Kyle Larson, Dylan Kwasniewski and Austin Dillon might be the young guns of today, but back it the late ‘70s and early ‘80s, there was a youngster tearing up the Midwest short track scene, beating up on veterans like Dick Trickle, Larry Phillips and Bob Senneker. Back then, most drivers were in their 30’s when they were finally trusted with a Cup car, so Martin — at 22 — tried to field his own. It didn’t work out so hot the first time, but when he returned it stuck. In his final seasons, Kenny Wallace worked hard to ironically reincorporate the name, which fit well since Martin was more than twice the age of some of the newcomers. Martin is now absent from competition, but the nickname will remain.
Simple, direct, monosyllabic and to the point — kind of like Tony Stewart himself. The name was given to him during his open wheel days, when he’d routinely smoke the right rear tire coming off the corners. It has helped lead to a number of clichéd headlines and a barbecue sauce, so it’s been a big winner for everybody. Stewart’s roof has even been adorned with just his nickname for the last several seasons.
Wow, really? “Sliced Bread”? What, “Diced Onions” didn’t want any of that? Since Joey Logano started off driving the orange Home Depot car, why not “Orange Slice”? Being Italian, I’m sure somebody could’ve conjured up something a bit more creative than that (“Melba Toast,” anyone?). Or something like …
In 1961, the U.S. stood on the brink of all-out nuclear combat with the Soviet Union during the Cuban Missile Crisis. Aric Almirola hasn’t exactly obliterated 50 square miles and lit up the sky like a thousand suns, but he’s done well with the equipment provided.

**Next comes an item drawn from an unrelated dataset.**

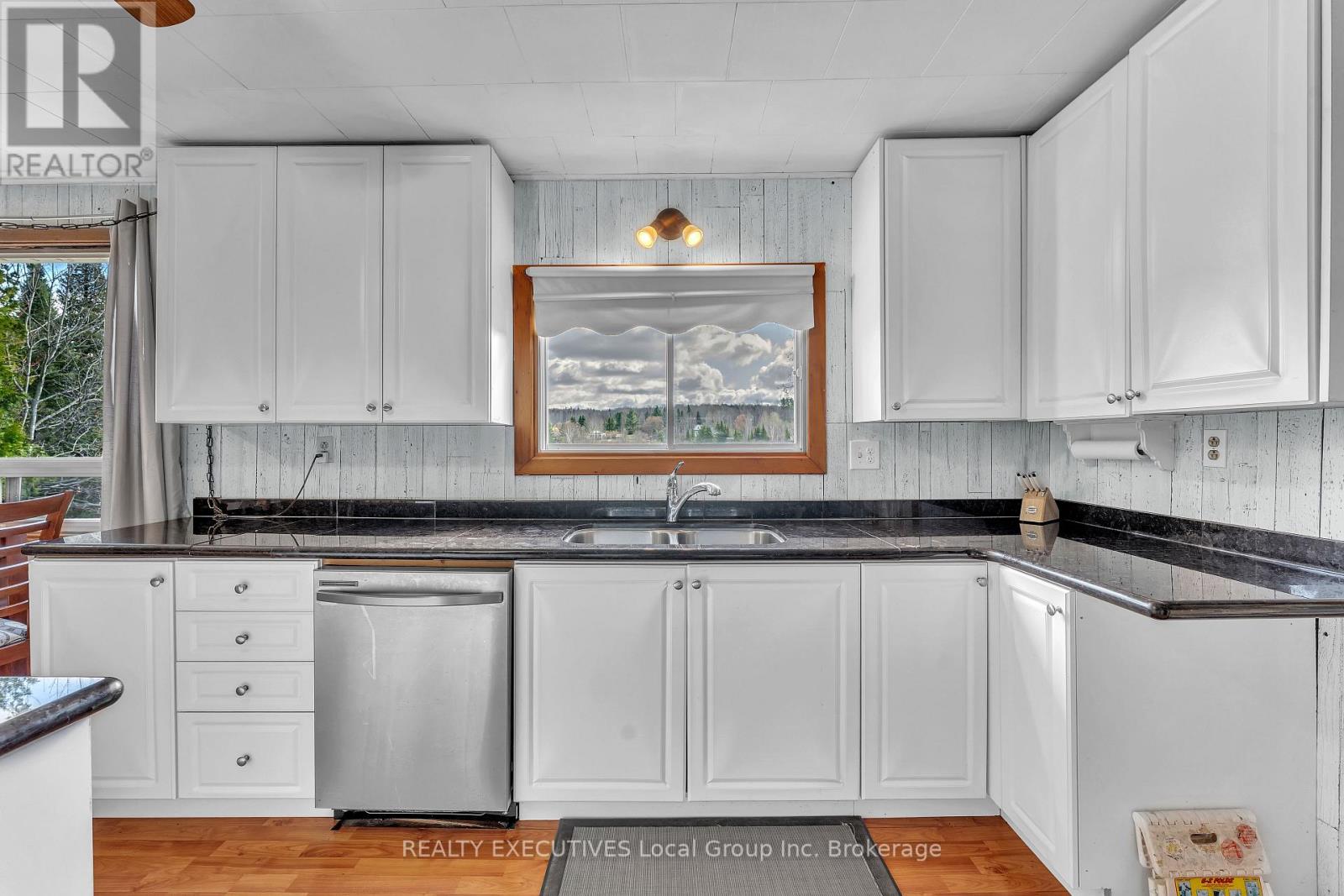 115 Hillside Avenue, Bonfield, Ontario  P0H 1E0 - Photo 9 - X13116040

It’s a term of endearment, but at the same time one of reverence and respect. “The Captain,” as in “Captain of (Billion Dollar) Industry;” as in, owner of 15 Indy 500 wins, a Daytona 500, a NASCAR Nationwide championship, and most recently, a Sprint Cup title. From Ferrari dealerships to moving trucks, Penske has run and done it all. He came within a few hours of owning his own car company when he nearly completed purchasing Saturn from Government Motors during the 2009 bankruptcy reorganization but some 11th hour political wrangling put the kibosh on the deal. Come to think of it, why hasn’t he ever run for president? Penske’s stern stare alone would put a shirtless Vlad Putin in his place real quick.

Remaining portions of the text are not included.